Once again, the wisdom of Wall Street's contrarians -- that ornery minority that refuses to go along with prevailing sentiment -- has proved reliable. In the aftermath of October's crash, there was a shift toward the bear side. Analysts who had been predicting 3,000 in the Dow Jones Industrial Average suddenly claimed they didn't mean that average couldn't go to 1,200 first. And pre-crash bears became more bearish still. As of April, the DJI had gained over 200% from its October 19 close. The bears, of course, never claimed it couldn't reach 2,200 first.
This time it wasn't the Blue Chips at the head of the procession. To the surprise of many, secondary stocks stirred from their long-term stupor and led a rally. The adjoining chart shows the INC. Index (now comprising 92 stocks gleaned from the 1988 INC. 100 tabulation) catching up with the S&P 400 in April, after having trailed it by about 15 percentage points the previous December.

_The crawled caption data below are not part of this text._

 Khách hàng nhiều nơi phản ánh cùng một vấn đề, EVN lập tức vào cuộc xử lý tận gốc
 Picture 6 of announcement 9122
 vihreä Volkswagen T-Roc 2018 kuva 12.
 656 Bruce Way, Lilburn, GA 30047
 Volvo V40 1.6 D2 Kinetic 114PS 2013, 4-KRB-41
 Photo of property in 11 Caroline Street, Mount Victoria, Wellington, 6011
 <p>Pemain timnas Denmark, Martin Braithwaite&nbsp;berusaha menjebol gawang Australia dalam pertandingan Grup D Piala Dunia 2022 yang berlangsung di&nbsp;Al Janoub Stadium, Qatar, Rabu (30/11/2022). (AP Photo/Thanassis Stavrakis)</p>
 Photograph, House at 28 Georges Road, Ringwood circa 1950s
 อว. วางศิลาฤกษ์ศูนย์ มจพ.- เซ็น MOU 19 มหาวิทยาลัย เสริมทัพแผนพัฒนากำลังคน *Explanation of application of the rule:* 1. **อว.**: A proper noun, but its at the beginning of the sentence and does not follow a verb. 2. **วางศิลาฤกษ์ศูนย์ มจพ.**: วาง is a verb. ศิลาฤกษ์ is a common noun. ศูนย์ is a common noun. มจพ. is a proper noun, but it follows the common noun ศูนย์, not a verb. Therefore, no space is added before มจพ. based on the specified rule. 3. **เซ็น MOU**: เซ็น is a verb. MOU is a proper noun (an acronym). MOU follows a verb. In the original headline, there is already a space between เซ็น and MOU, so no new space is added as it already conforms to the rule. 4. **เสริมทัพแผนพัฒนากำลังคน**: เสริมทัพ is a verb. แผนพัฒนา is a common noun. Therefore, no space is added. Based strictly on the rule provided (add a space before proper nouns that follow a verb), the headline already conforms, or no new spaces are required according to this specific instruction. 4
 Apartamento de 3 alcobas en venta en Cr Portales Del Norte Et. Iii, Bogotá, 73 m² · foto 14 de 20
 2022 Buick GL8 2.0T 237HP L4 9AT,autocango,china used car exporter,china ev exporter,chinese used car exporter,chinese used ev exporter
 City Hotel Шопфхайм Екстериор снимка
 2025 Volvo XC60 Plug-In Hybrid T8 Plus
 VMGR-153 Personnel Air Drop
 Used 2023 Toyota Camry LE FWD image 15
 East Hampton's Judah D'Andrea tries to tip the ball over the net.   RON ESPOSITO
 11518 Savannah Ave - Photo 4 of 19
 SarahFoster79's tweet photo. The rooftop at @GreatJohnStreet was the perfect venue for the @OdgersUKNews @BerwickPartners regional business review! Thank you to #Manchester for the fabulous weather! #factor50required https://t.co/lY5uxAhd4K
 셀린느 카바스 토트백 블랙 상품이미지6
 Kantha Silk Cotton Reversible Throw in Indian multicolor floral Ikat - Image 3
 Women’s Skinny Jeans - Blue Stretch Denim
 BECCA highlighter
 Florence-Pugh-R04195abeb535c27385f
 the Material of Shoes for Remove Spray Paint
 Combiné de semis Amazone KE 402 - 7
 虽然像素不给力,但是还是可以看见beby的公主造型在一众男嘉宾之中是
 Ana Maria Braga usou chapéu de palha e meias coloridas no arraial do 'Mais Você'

But why bother doping out any of this when for several years now, the key to effortless profit has lain in IPOs? For example, whoever chanced an equal amount on the opening price of every January IPO over $1 was ahead 25% in March. At that rate, one could sell out and, like ancient Romans at the Coliseum, sit back and enjoy the bulls and bears have at each other until it's clearer who's going to win.